Oftalmoplegia múltipla + Envolvimento de nervos cranianos (III, IV, VI) → Lesão no Seio Cavernoso.
A invasão do seio cavernoso por tumores do SNC resulta em paralisias combinadas dos nervos oculomotores e possíveis déficits sensoriais no território do nervo trigêmeo (V1 e V2).
A síndrome do seio cavernoso é uma emergência neuro-oftalmológica em potencial. Tumores como meningiomas, adenomas hipofisários invasivos ou metástases são causas comuns. O sinal clínico clássico é a oftalmoplegia total ou parcial associada a uma pupila que pode estar dilatada (comprometimento parassimpático do III par) ou miótica (comprometimento simpático pericarotídeo), dependendo de quais fibras são mais afetadas. A avaliação deve ser minuciosa, testando a sensibilidade nos territórios de V1 e V2 e realizando uma campimetria computadorizada. O diagnóstico diferencial inclui a Síndrome de Tolosa-Hunt (inflamação idiopática) e a fístula carótido-cavernosa, que apresenta sopro ocular e pulsação do globo.
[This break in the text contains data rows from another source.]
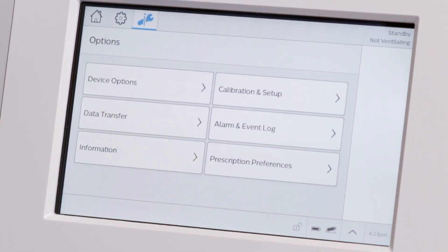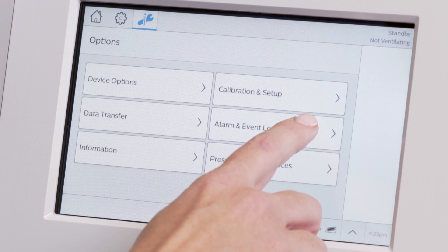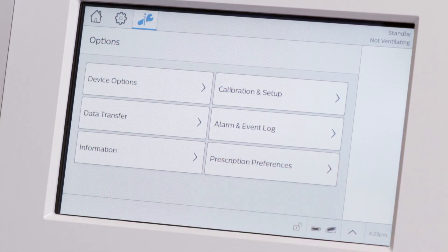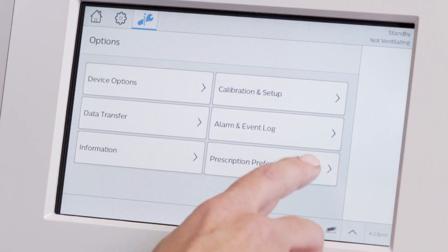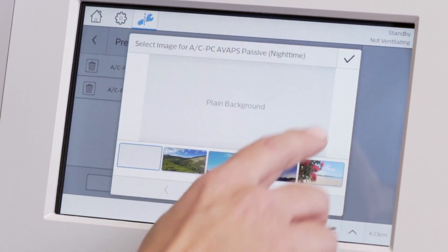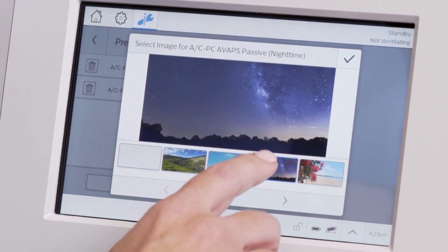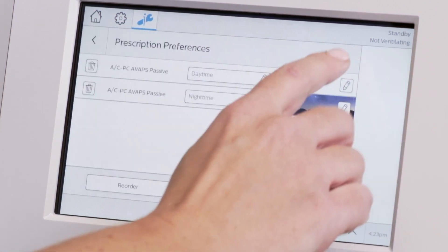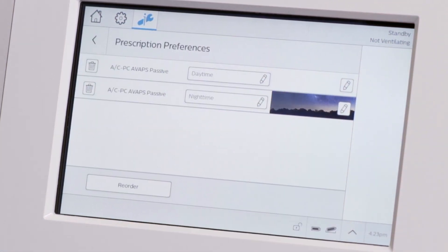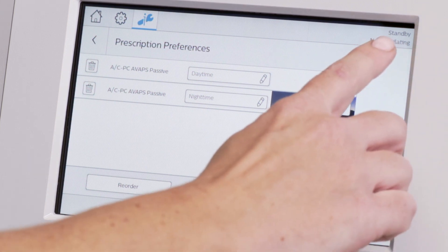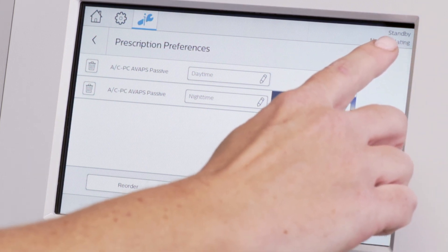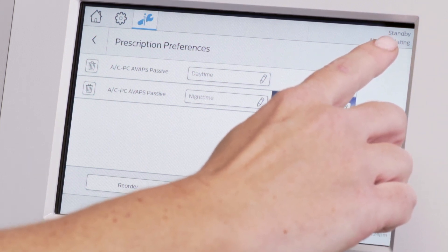Calibration Setup contains O2 and CO2 sensor calibrations, among others. Below that option is Alarm and Event Log. In Prescription Preferences, you can delete or edit the prescription names and background images. In the top right corner, you can see the current prescription being used or, in this case, standby.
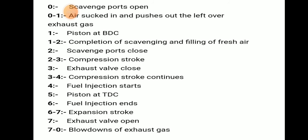At point five, the piston is at TDC and fuel is injected at point C. From six to seven, after fuel injection, the expansion or power stroke takes place. At point seven, the exhaust valve opens. From seven to zero, blow-down of exhaust gases occurs. This completes the description of the PV diagram of both the 4-stroke and 2-stroke cycle engines.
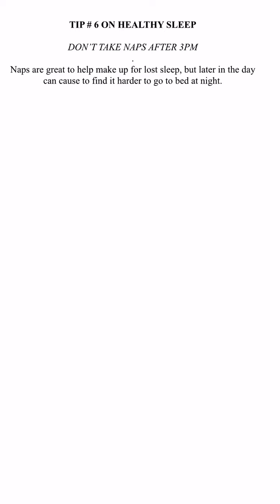Tip number six is going to be don't take naps after 3 p.m. Taking naps is actually extremely important. It's a great way to make up for some lost sleep. It's also a great way to help refuel our bodies midday to help push us through the rest of the day.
O seio cavernoso é uma estrutura venosa dural pareada localizada lateralmente à sela túrcica. Ele contém estruturas vitais: a artéria carótida interna e o nervo abducente (VI par) passam por dentro do seio. Em sua parede lateral, de cima para baixo, encontram-se o nervo oculomotor (III par), o nervo troclear (IV par), o nervo oftálmico (V1) e o nervo maxilar (V2). Devido a essa proximidade, lesões expansivas como tumores ou aneurismas nesta região frequentemente causam uma combinação de paralisias oculomotoras e dor ou parestesia facial.
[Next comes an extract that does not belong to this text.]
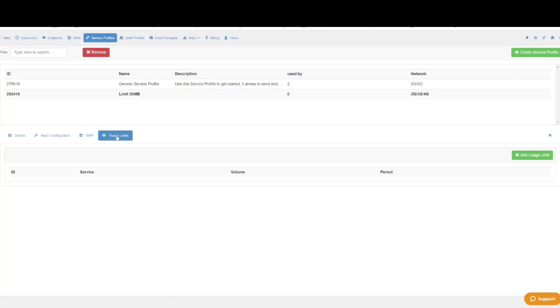If your devices use 10 megabytes a month under normal circumstances for example, you can set a limit of 30 megabytes. This way this won't be an issue under normal use but in case something happens there will always be a limit of how much data the device can use.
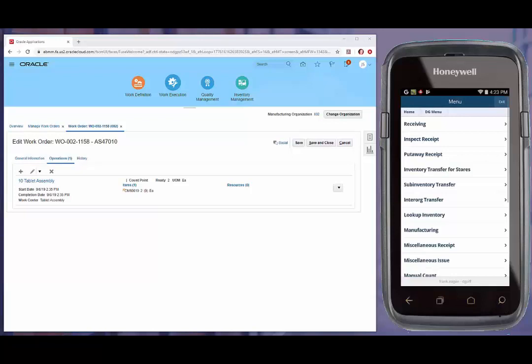This is a demonstration of RFSmart for Oracle Cloud. In this demonstration, I'll be showing how easy it can be to transact against a work order from the mobile device using RFSmart.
Embora ambas possam causar oftalmoplegia e proptose, a síndrome do seio cavernoso tipicamente envolve múltiplos nervos cranianos (III, IV, VI) e pode incluir o envolvimento do nervo maxilar (V2), que não passa pela órbita. Além disso, lesões orbitais costumam apresentar sinais inflamatórios locais mais proeminentes, quemose e congestão venosa orbital específica. O defeito campimétrico associado pode ajudar na localização: lesões que se estendem para a região selar ou que comprimem o quiasma óptico sugerem uma origem intracraniana/seio cavernoso, enquanto lesões orbitais afetam o nervo óptico ipsilateral de forma direta.
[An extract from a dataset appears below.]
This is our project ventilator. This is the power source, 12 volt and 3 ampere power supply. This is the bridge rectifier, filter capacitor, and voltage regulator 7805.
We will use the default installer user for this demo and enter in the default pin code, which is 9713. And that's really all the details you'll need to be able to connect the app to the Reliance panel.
O defeito campimétrico é uma ferramenta de localização crucial. Se um tumor invade o seio cavernoso e se expande medialmente, ele pode comprimir o quiasma óptico, levando a uma hemianopsia bitemporal ou outros defeitos quiasmáticos. Se a invasão for posterior, pode afetar o trato óptico. A correlação entre a paralisia dos movimentos oculares (indicando comprometimento dos nervos no seio cavernoso) e o padrão de perda de campo visual permite ao clínico mapear a extensão tumoral antes mesmo da confirmação por imagem de ressonância magnética.